I see it now. Do this, and MTV will be all over it.


----------



## Baderach (Jul 9, 2007)

Perhaps as a combined camping trip somewhere, or somesuch, I can see it.

Not at a hotel.

Though I would kill for the idea of a local con 18+ NOT for the fetishy aspect of it, since I've no interest in that, but just because I wouldn't want to end up babysitting someone else's kids/babies at a con.


----------



## Wombat (Jul 16, 2007)

I don't really see why that's neccesarily, to be honest. 

I mean, if there is anything taking place that kids can't be involved it, take it back to the room. Or like at AC, there are a few things that kids can't go to because of nudity and subject matter, and that's why there are minor badges that are different from regular attendance badges. The amount of things that appeal to the furry community that are only for members that are 18+ are limited and I don't think worth an entire con and I believe would frankly cause too much controversy and would be hindering to the community. The media is always looking for reasons to convince everyone how we're all just a bunch of sexual deviants and freaks.


----------



## addik (Sep 18, 2007)

i say more like a private announcement to known furs....if its gonna be 18+ with an emphasis on naughty things, pitch in for a suite at the hotel and have at it. i don't want cocks hanging out randomly while i'm wandering around. boobs? always welcome. (lols, jk)


----------



## Loupgaros (Sep 18, 2007)

I appreciate 18+ in case of minors being stupid and decdiding to arouse the ire of their parents while doing so, but I also appreciate that there are pros to being general as well. I would personally prefer the cons being general, unless fetishistic in which case, you go to Fetish Con, and naughties behind closed doors with consent obtained from all parties involved. On paper. In triplicate if need be, so one offended member can't cry about it after...  Avoiding being sued is a good thing..... <.<


----------



## themocaw (Sep 18, 2007)

2 month and 2 day necromancy, interesting. 

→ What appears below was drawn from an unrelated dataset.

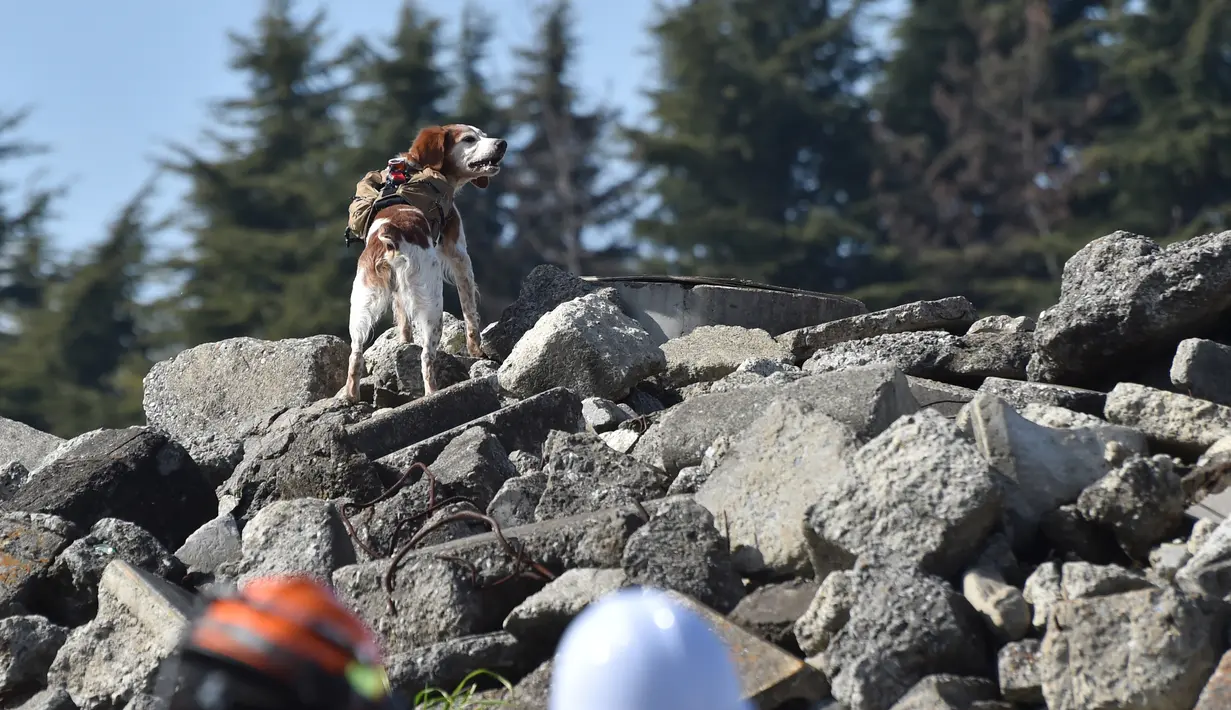 Gonta memakai ransel berisi live video feed dan GPS data saat berlatih dalam mencari korban di Fujimi, utara Tokyo (14/2/2016).  Seperti anjing penyelamat lainnya,Gonta mengandalkan naluri penciumannya untuk mencari korban. (AFP PHOTO/Bapak KAZUHIRO Nogi)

You do make a good point, though: holding an 18+ adult con would be problematic, to say the least.  Lawsuit central, among other things, as well as already messing with a public reputation that's not exactly the most family-friendly.


----------



## TheGru (Sep 18, 2007)

themocaw said:
			
		

> 2 month and 2 day necromancy, interesting.

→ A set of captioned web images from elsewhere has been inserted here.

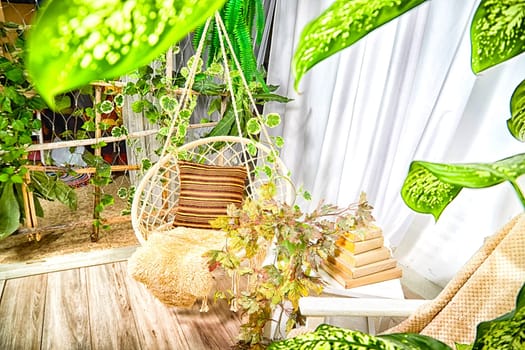 Modern cozy beautiful room with a braided rope macrame swing, chair, green plants, small table and curtains. Interior and background. Location for photo shooting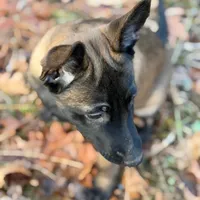Pink Collar Female, a female Belgian Malinois for sale in North Brookfield, MA – Photo 4 of 9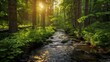 A serene forest scene with sunlight filtering through the trees, highlighting lush green foliage and a gentle stream, symbolizing harmony with nature on Earth Day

That's nothing, I've seen threads raised from last year!


----------



## sateva9822 (Sep 20, 2007)

I say we all make one in Toronto Canadia!!!


----------



## Kobaruto (Sep 20, 2007)

sateva9822 said:
			
		

> I say we all make one in Toronto Canadia!!!



Sounds good to me! I'm within somewhat-driving distance!


----------



## sateva9822 (Sep 20, 2007)

Kobaruto said:
			
		

> sateva9822 said:
> 
> 
> 
> ...



Go Ontario furrs!
Im in Sarnia/ Oshawa/ Peterborough


----------